▶ [Your assignment]: Your reply is to be the lines below, exactly as written, with images omitted.

▶ [Source records]:

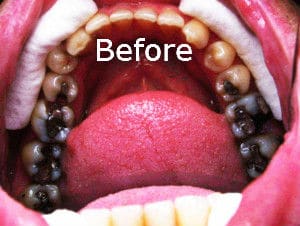 A before-photo of one of Dr. Kim's patients with decayed teeth and silver fillings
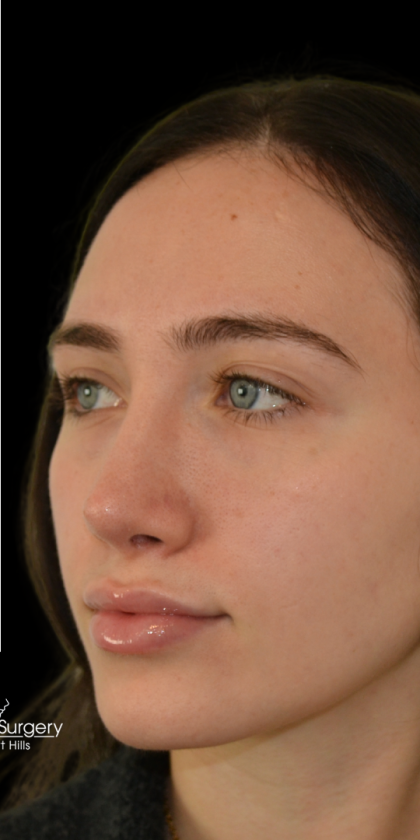 Revision Rhinoplasty Before & After Patient #18920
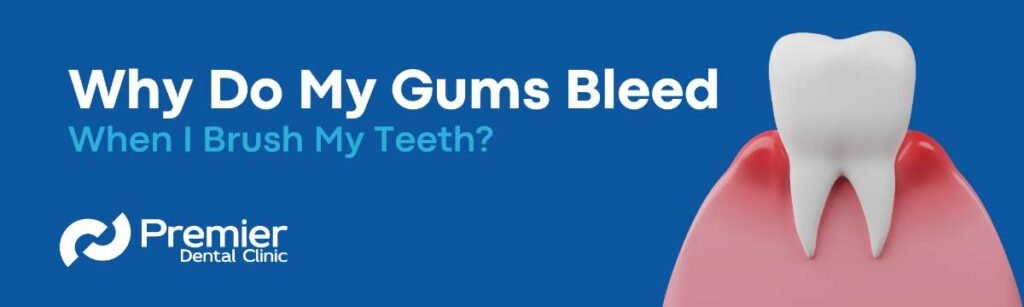 Why do my gums bleed when I brush my teeth? 
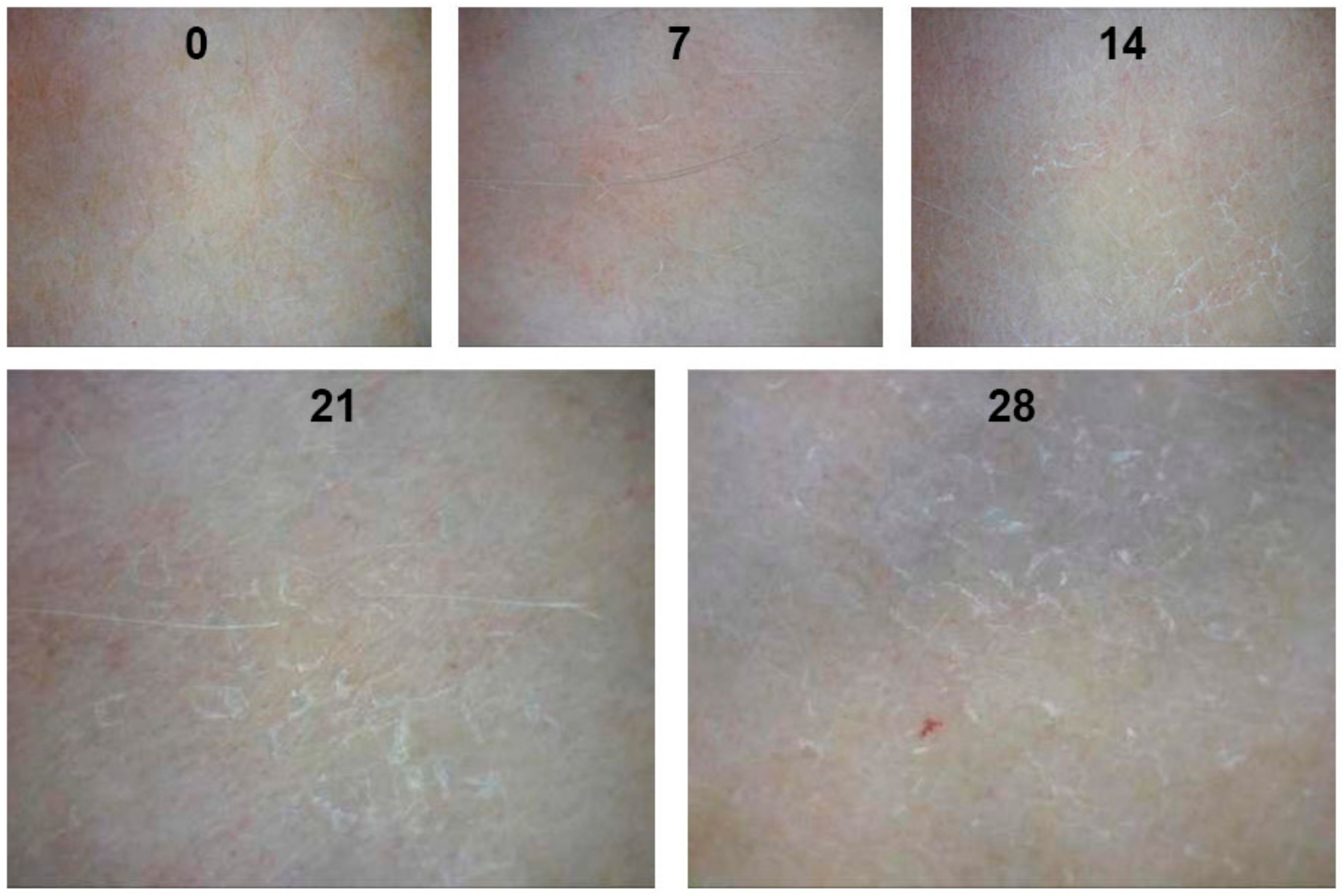 Molecules 23 01428 g004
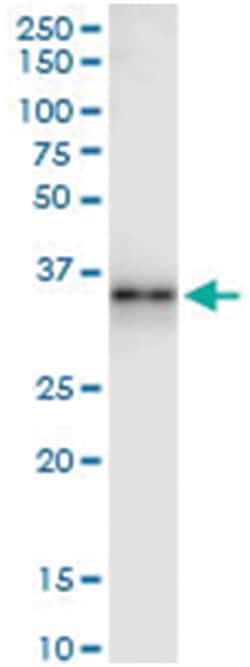 GZMB, Human, IP-WB Antibody Pair (PW2), Abnova&trade;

▶ [Result]:
 A before-photo of one of Dr. Kim's patients with decayed teeth and silver fillings
 Revision Rhinoplasty Before & After Patient #18920
 Why do my gums bleed when I brush my teeth? 
 Molecules 23 01428 g004
 GZMB, Human, IP-WB Antibody Pair (PW2), Abnova&trade;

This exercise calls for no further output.